Mayor Kevin Foy, who cast the final vote to end the program, spoke harshly about what he sees as the system’s flaws. “This system creates perverse incentives,” Foy said, pointing out that a red light camera violation amounts to a civil offense and a $50 fine, whereas a ticket for running a red light at any of the town’s other intersections is a criminal offense and costs nearly $120 in both the ticket and court costs. For every $50 ticket generated by the camera system, $48 goes to the multi-billion dollar Dallas-based company ACS; $2 goes to the town.
For weeks prior to the vote, lobbyists from the red light camera industry had pressured council members not to eject the company and terminate the system, which has only been in operation for four months. Leslie Blakey of the National Campaign to Stop Red Light Running, an industry-funded Washington-based public relations firm, came to town with Joe Clark, chief operating officer of ACS’s “state and local solutions” division, bringing with them a woman named Ann Sweet, who regularly tells the story of her daughter’s death when she attends red-light camera information sessions across the country. All three spoke at the council meeting.
It wasn’t the $400,000 that the company had invested in the Chapel Hill system that brought such concerted effort from these lobbyists. It was the precedent that Chapel Hill has set, tossing out a system that ACS is trying to implement throughout the state of North Carolina.
“ACS’s motivation is profit, not safety,” council member Cam Hill said at the meeting. “The conflicts of interest obscure every possible benefit.”
Council member Edith Wiggins spoke passionately in defense of the system. “If you’re caught by the cameras, you know that you were not the victim of selective enforcement,” she said.
“Precisely when an issue becomes so emotional,” said council member Sally Greene, whose brother in law was killed in Charlotte 10 years ago by a red-light runner, “it’s the responsibility of those of us who are elected to serve your interests not to set aside or ignore the emotion but to filter it through facts and evidence.” Greene voted to terminate the camera program, citing a fundamental “tension between economics and safety” that made it a bad solution.

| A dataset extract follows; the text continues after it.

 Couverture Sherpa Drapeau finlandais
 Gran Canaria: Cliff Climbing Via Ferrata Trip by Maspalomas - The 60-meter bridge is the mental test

So what now? The cameras could stay in place. Council member Dorothy Verkerk, the main proponent of the camera system, said she would like the town to consider administering the SafeLight program with a different company. But that doesn’t seem likely. Kleinschmidt proposed that the town traffic engineer undertake a detailed assessment of the town’s 97 intersections in order to determine which are the most dangerous and what sorts of engineering solutions could make those intersections safer for drivers, pedestrians and cyclists. In the rush to make a deal with ACS, he says, that assessment was never done.